T-Finity.  Photo by Stephen Foskett

T-Finity. Photo by Stephen Foskett

SpectraLogic launched a product called DeepStorage.  That is in no way affiliated with Howard Marks (@DeepStorageNet).  DeepStorage is the idea that you can save files forever.  It uses a product called BlackPearl to eliminate one of the biggest issues with tape: speed.  BlackPearl comes with SSD drives to use as a write cache for data being sent to the tape archive.  BlackPearl uses a SpectraLogic protocol called DS3, which stands for DeepS3, to hold the data until it can be written to the tape archive in the most efficient manner.  DS3 looks a lot like Amazon S3.  That’s on purpose.  With the industry as a whole moving toward RESTful APIs and more web interfaces, making a RESTful API for tape storage seems like a great fit for SpectraLogic.

It’s goes a little deeper than that, though (pardon the pun).  One other thing that made me pause was LTFS – the Linear Tape File System.  LTFS allows for a more open environment to write data.  In the past, any data that you backed up to tape left you at the mercy of the software you used to write that data.  CommVault couldn’t read Veritas volumes.  ARCServe didn’t play nicely with Symantec.  With LTFS, you can not only read data from multiple different backup vendors, but you can also stop treating tape drives like Write Once, Read Never devices.  LTFS allows a cluster of tape units to look and act just like a storage array.  A slow array to be sure, but still an array.

SpectraLogic took the ideas behind LTFS and coupled them with DeepStorage to create an idea – “buckets”.  Buckets function just like the buckets you find in Amazon S3.  These are user-defined constructs that hold data.  The BlackPearl caches these buckets and optimizes the writes to your tape array.  Where the bucket metaphor works well is the portability of the bucket.  Let’s say you wanted to transfer long-term data like phone records or legal documents between law firms that are both using DeepStorage.  All you need to do is identify the bucket in question, eject the tape (or tapes) needed to recreate that bucket, and then send the tapes to the destination.  Once there, the storage admin just needs to import the bucket from the tapes in question and all the data in that bucket can be read.  No software version mismatches.  No late night panicked calls because nothing will mount.  Data exchange without hassles.

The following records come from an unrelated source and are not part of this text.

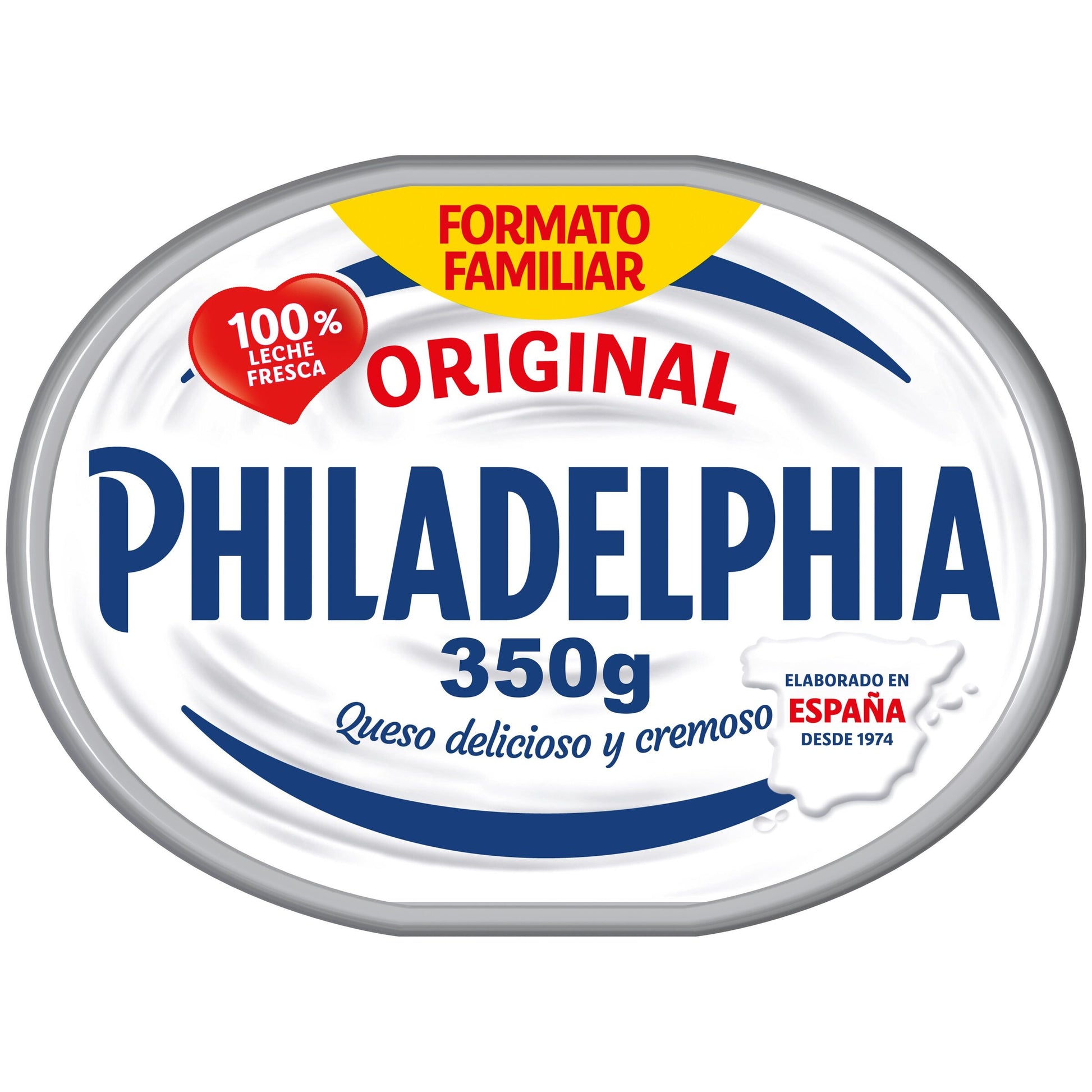 Crema de queso untar Philadelphia 350g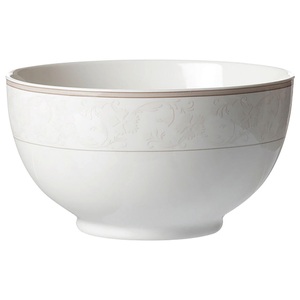 RITZENHOFF & BREKER, Ritzenhoff Breker Müslischale 15 cm , 46991 , Beige , Keramik , Ornament , glänzend, bedruckt , 003417075213, Ritzenhoff Breker Müslischale isabella 15 cm , 46991 , Beige , Keramik , Ornament , glänzend, bedruckt , 003417075213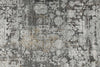 3x10 Ivory and Gray Turkish Antep Runner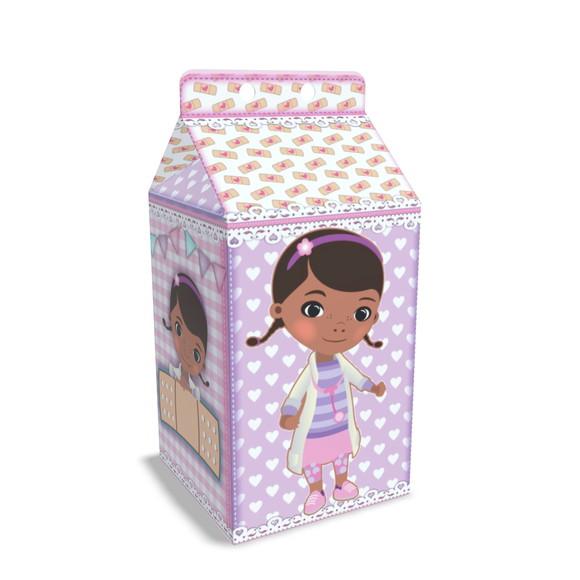 Kit Lembrancinhas Doutora Brinquedo 20 Unid. Caixinhas Milk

The Tape Library of Congress

The ideas here boggle the mind.  While at the Spectra Summit, we heard from companies like NASCAR and Yahoo.  They are using BlackPearl and DS3 as a way to store large media files virtually forever.  There’s no reason you can’t do something similar.  I had to babysit a legal server migration one night because it had 480,000 WordPerfect documents that represented their entire case log for the last twenty years.  Why couldn’t that be moved to long-term storage?  For law offices that still have paper records of everything and don’t want to scan it all in for fear of an OCR mistake, why not just make an image of every file and store it on an LTFS volume fronted by DS3?

The flexibility of a RESTful API means that you can created a customized interface virtually on the fly.  Afraid the auditors aren’t going to be able to find data from five years ago?  Make a simple searching interface that is customized to their needs.  Want to do batch processing across multiple units with parallel writes for fault tolerance?  You can program that as well.  With REST calls, anything is possible.

DS3 is going to enable you to keep data forever.  No more worrying about throwing things out.  No need to rent storage lockers for cardboard boxes full of files.  No need to worry about the weather or insects.  Just keeping the data center online is enough to keep your data in a readable format from now until forever.

For more information on SpectraLogic and their solutions, you can find them at http://www.spectralogic.com.  You can also follow them on Twitter as @SpectraLogic.


Disclaimer

I was a guest of SpectraLogic for their 2013 Spectra Summit.  They paid for my flight and lodging during the event.  They also provided a t-shirt, a jacket, and a 2 GB USB drive containing marketing collateral.  They did not ask for any consideration in the writing of this review, nor were they promised any.  The conclusions reach herein are mine and mine alone.  In addition, any errors or omissions are mine as well.